How much do babies cost per year
“I regret having my child”
abortion new york city
best time to have a baby
baby age 29
writing career, baby
cost of birth without health insurance new york city
writer mother new york city
“Okay,” Halle said, hugging me again. “I love you. I’m excited!”
“Love you too,” I said, weak, tired. “Thanks for meeting me.”
“Of course, dude!” she said, all Midwestern sweetness. “Just one thing, though—”
“Yeah?”
“I support you no matter what you do, but if you do have the baby, you have to let me throw the gender-reveal party.”
“We are not going to have a fucking gender-reveal party!” I yelled after her.
I sat down at the library just like I’d been doing every day for weeks. I didn’t write a word.
That night I met Dustin in a church basement after he got off work. Not to pray but to pick up our CSA farm share. We stood in front of crates of late-summer tomatoes and zucchini, solemn. We’d been playing house for years and the universe had called our bluff. I thought of us lugging a newborn down the steps, tried to imagine carrying all these vegetables and a baby too. No, we would skip next year. Or we wouldn’t have the baby. One or the other.

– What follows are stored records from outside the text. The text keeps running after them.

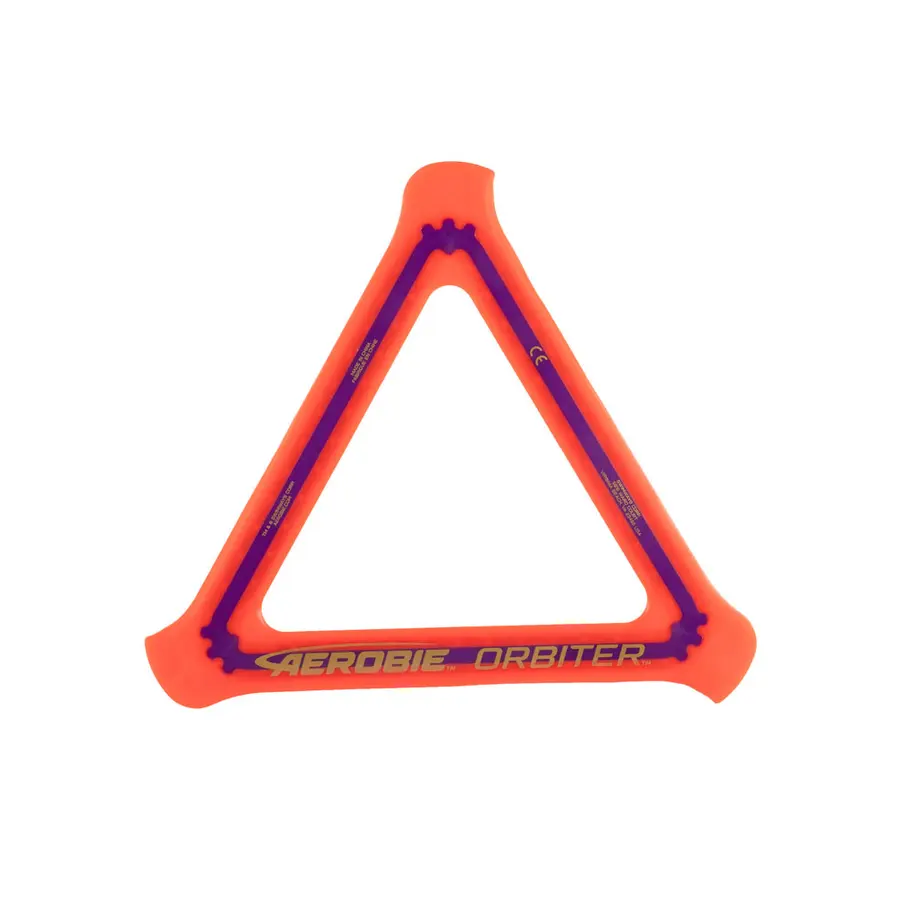 Orbiter Aerobie Boomerang Trekantig frisbee | kastskiva 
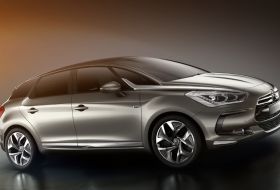 Citroën DS5  – stylová koncepce rodinného auta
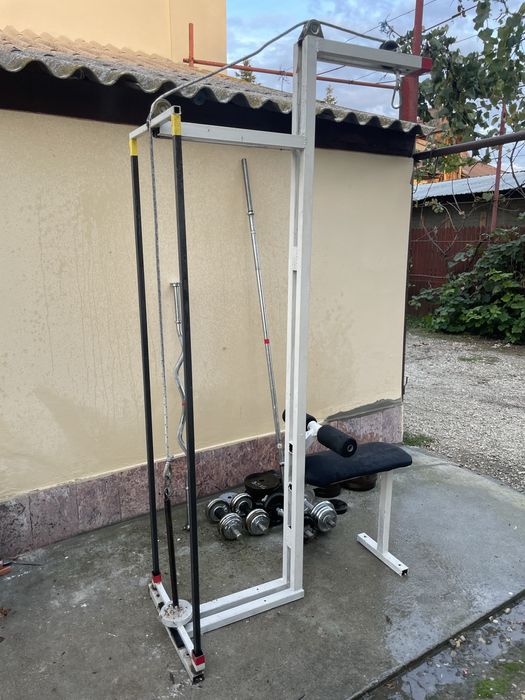 Gantere/Discuri/Aparate Fitness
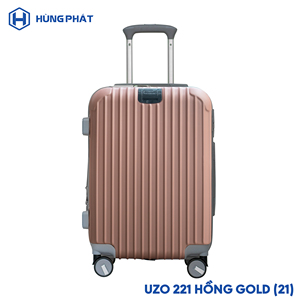 Juegos de equipaje de alta calidad, 221 Abs maleta de aluminio de gran capacidad de 3 piezas, maleta con cerradura Normal para viajes, hecha en Vietnam - Product Image 5
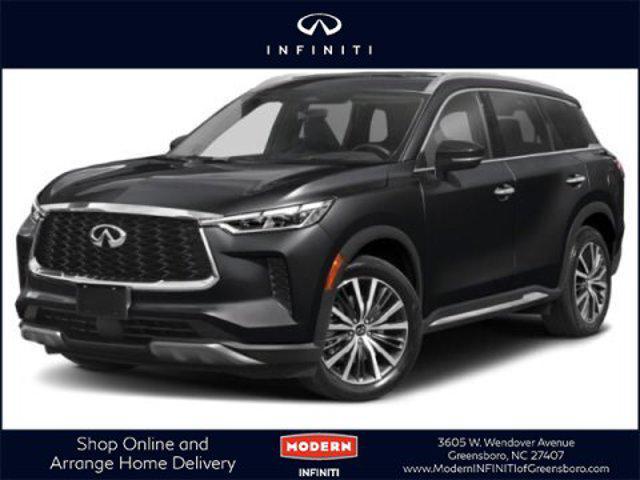 new 2025 INFINITI QX60 car, priced at $65,410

“I talked to Amy today,” I said. “She says she got an abortion on the Upper East Side.”
“Yeah?” he said. “And you had this talk out of nowh
ere, huh?”
He was smiling. He looked relieved.
I rolled my eyes, threw tomatoes in a tote bag. “Anyway, she said they put her to sleep and when she woke up, she was sitting in a big armchair. Then she ate cookies. Then she left.”

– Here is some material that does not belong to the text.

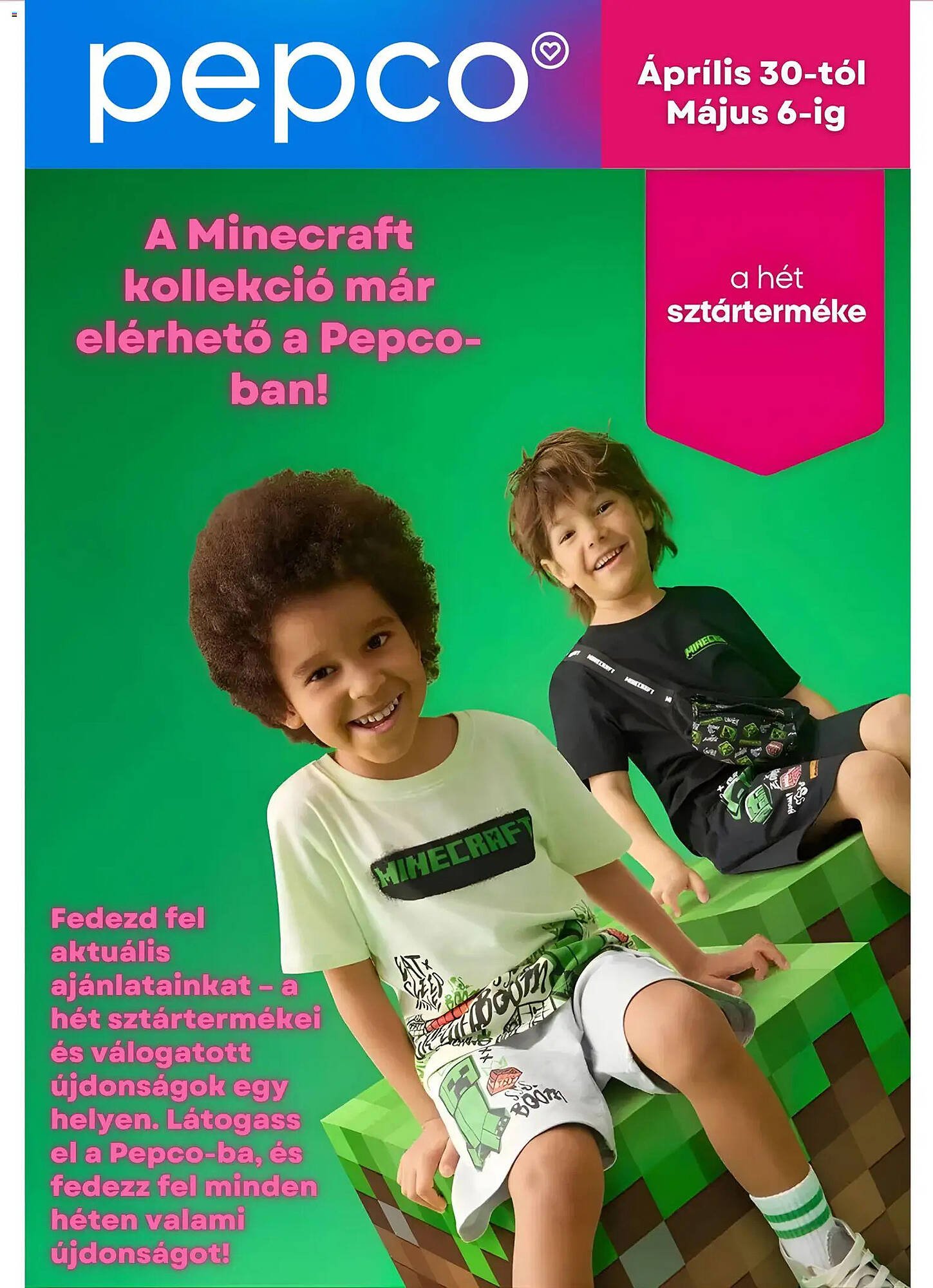 Pepco akciós újság (2026-04-30 - 2026-05-06)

“Cookies, eh? Were they good cookies?”
I looked at him. “What do you mean?”
“What?”
What I was feeling then was subconscious but undeniable. I rushed through pears and flowers and up the steps of the church basement, back out into the September air. I was full of rage, even though I’d brought it up. The hysterical pregnant woman already. I had been trying to appear reasonable, to be (or appear to be) open to his preferences, as if having a baby were like choosing where to order takeout from. Whatever you want!

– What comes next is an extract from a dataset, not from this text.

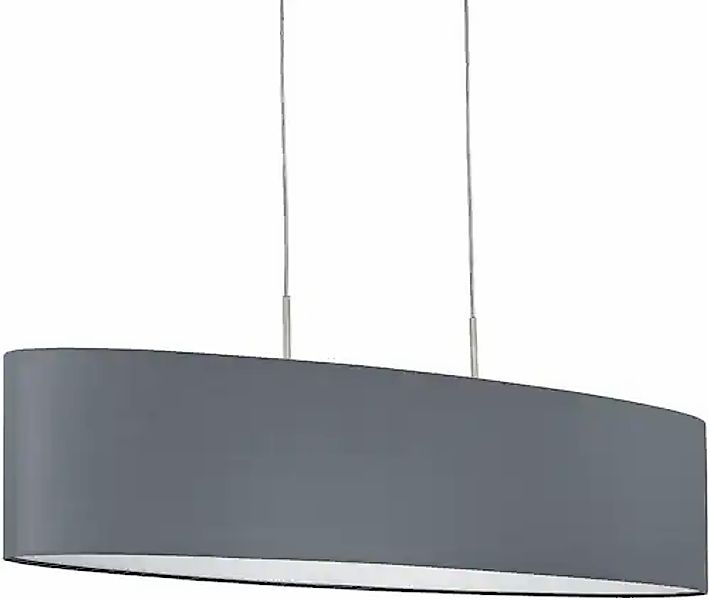 EGLO Pendelleuchte »PASTERI«, 2 flammig, Leuchtmittel E27   ohne Leuchtmitt günstig online kaufen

When Dustin caught up to me he had a tote bag over each arm, bayonets of kale poking out from under his armpits. We walked in stride, in perfect weather. The sun was starting to set, doing pretty, atmospheric things. It made me want to put sad music on in my headphones and walk around feeling like the protagonist of my own life.
“Well, for me,” he said, “to me, and of course my opinion only counts so much, but I just don’t know why we would do it when we aren’t ready.”
Something sank in me. His reaction was logical but somehow I hadn’t anticipated it—it seemed impossible that we could love each other and yet feel so different, want such different things. I realized that he had been at work all day feeling fine because he figured we weren’t going to go through with it. Was that why he’d insisted he wasn’t freaking out? I had managed to talk to all of my friends that day in the library, everyone but him. “You have so much time,” Amy had said. Then again, she’d told me she still did the math to see how old her kid would be. She didn’t regret it, no, but how could you not think about it from time to time? How could you not do the math? Loss was the word that stuck with me.